## Task directions
With pictures omitted, the line containing "WMUVolleyball's tweet photo." and all later lines of the records below are to be restated word for word.

## The input

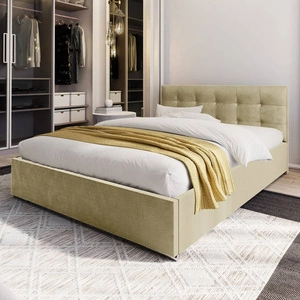 Čalouněná postel Montigo 140x200 béžová s kontejnerem v moderním skandinávském stylu s prošívaným čelem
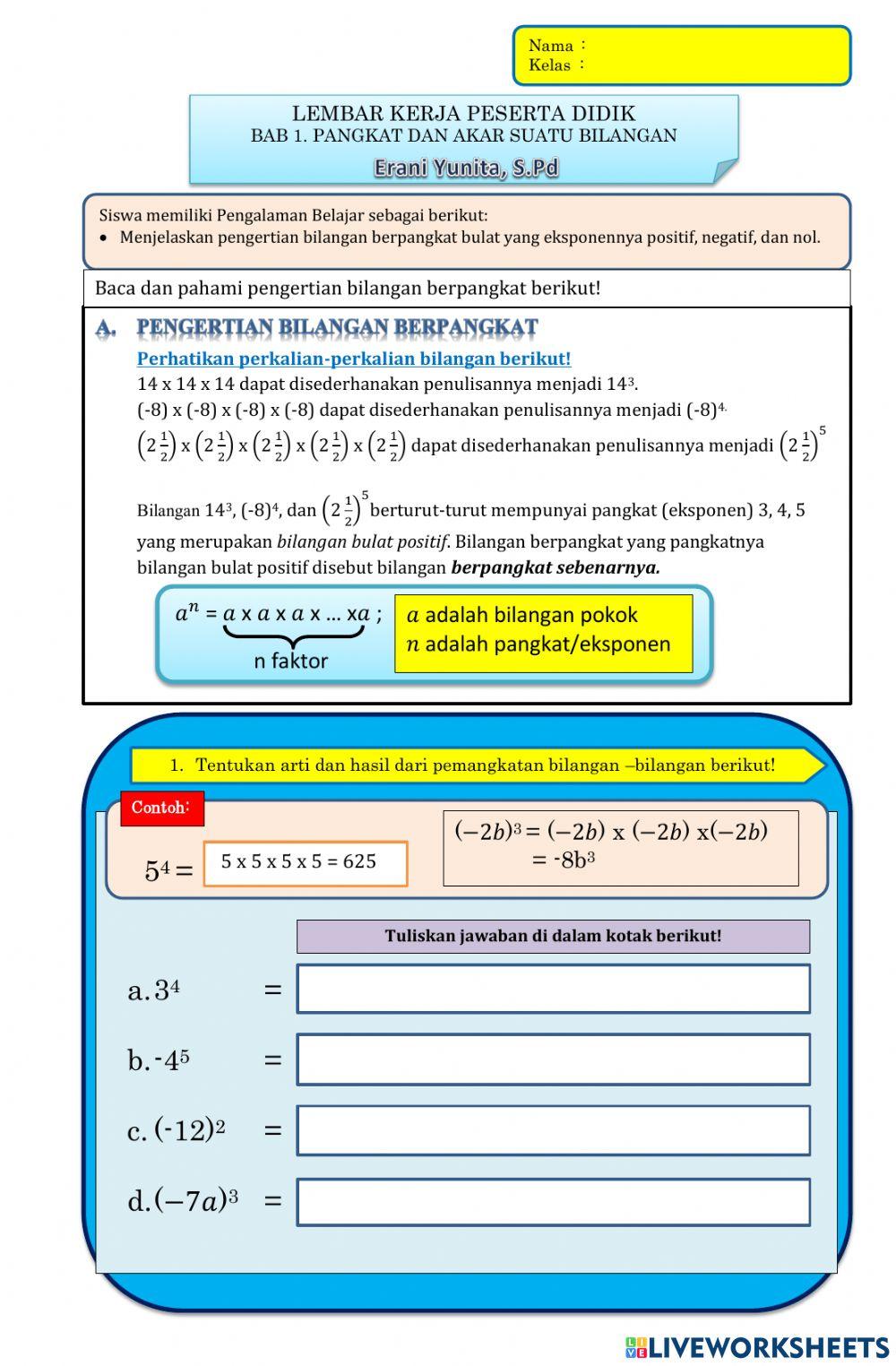 Bilangan Berpangkat Kelas 9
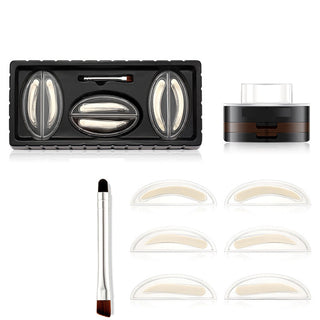BrowPress – Instant Adjustable Eyebrow Stamp with Two-Color Brow Powder, Waterproof & Smudge-Proof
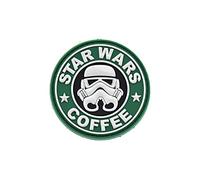 LA PATCHERIA Patch Star Wars Coffee 6x6cm - Patch 100% Gomma con Velcro® originale Velcro® Brand Hook Cucito sul Retro - 3D alta definizione - per Decorare Giacche, Zaini, Uniformi
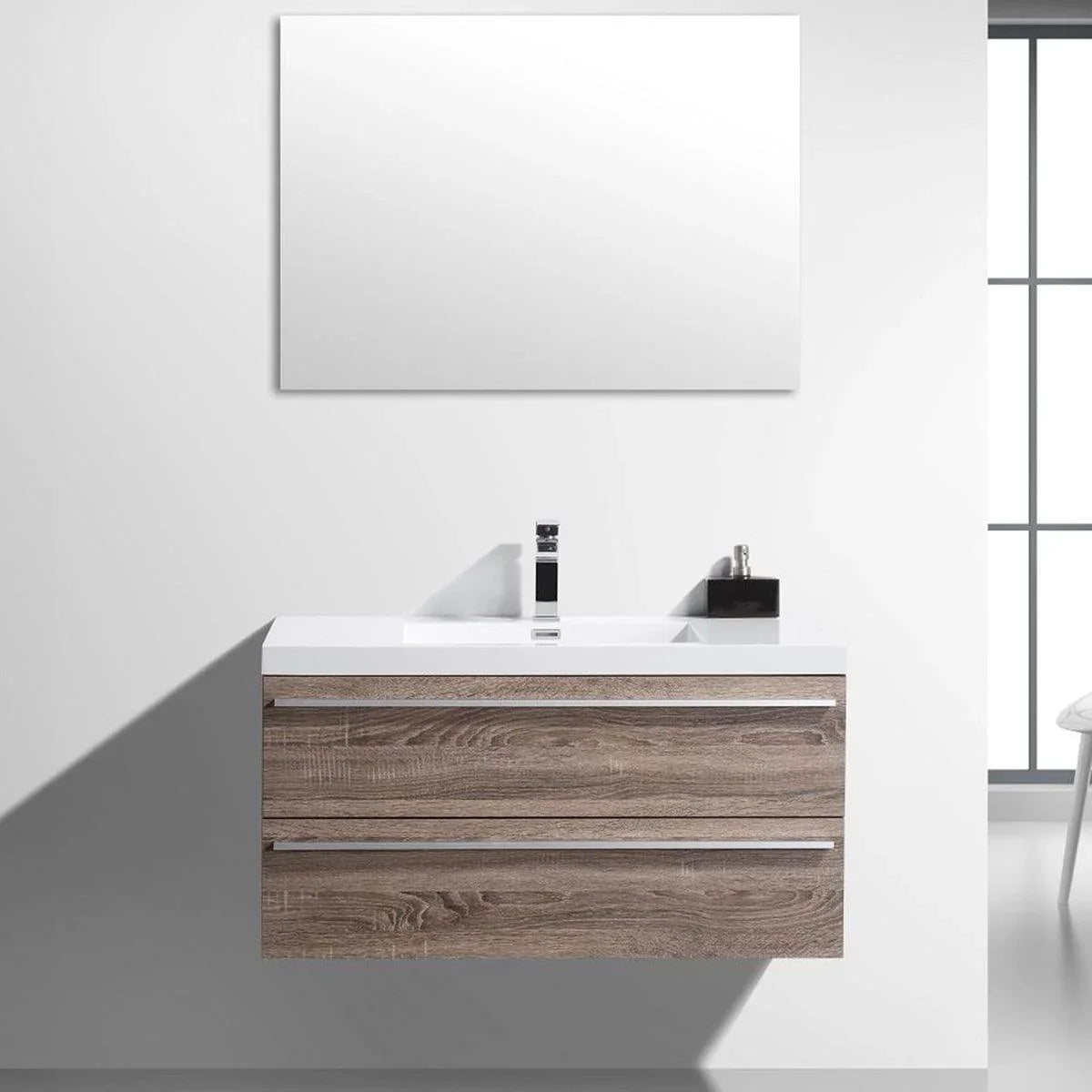 42" Soft Oak Wall Mount Bathroom Vanity with White Polymarble Countertop-Migration_Bathroom Vanities-DECOROLALA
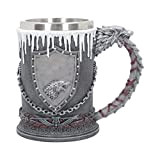 DCSCRFE Game of Thrones Tasse à bière avec poignée, cadeau de bière pour homme, en acier inoxydable, style gothique, accessoire ...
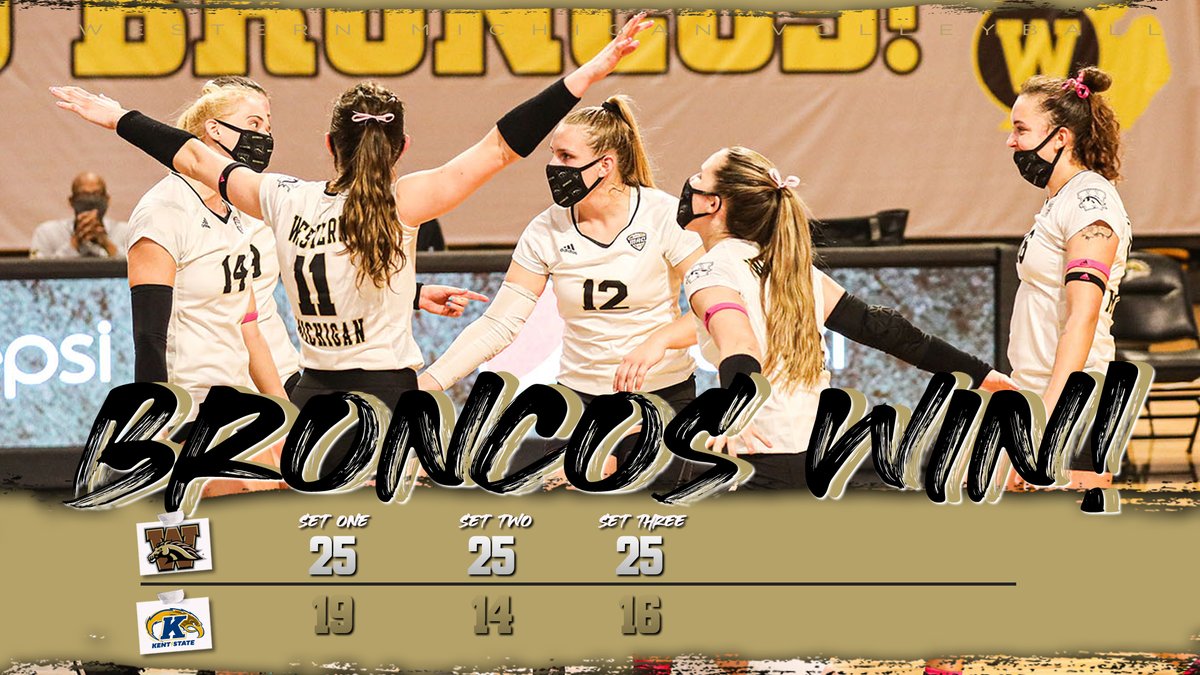 WMUVolleyball's tweet photo. In the words of DJ Khaled: "another one" 🧹

𝐁𝐑𝐎𝐍𝐂𝐎𝐒 𝐖𝐈𝐍!!!  #WeWillReign https://t.co/uhi4CFpS5O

## Solution below
 WMUVolleyball's tweet photo. In the words of DJ Khaled: "another one" 🧹

𝐁𝐑𝐎𝐍𝐂𝐎𝐒 𝐖𝐈𝐍!!!  #WeWillReign https://t.co/uhi4CFpS5O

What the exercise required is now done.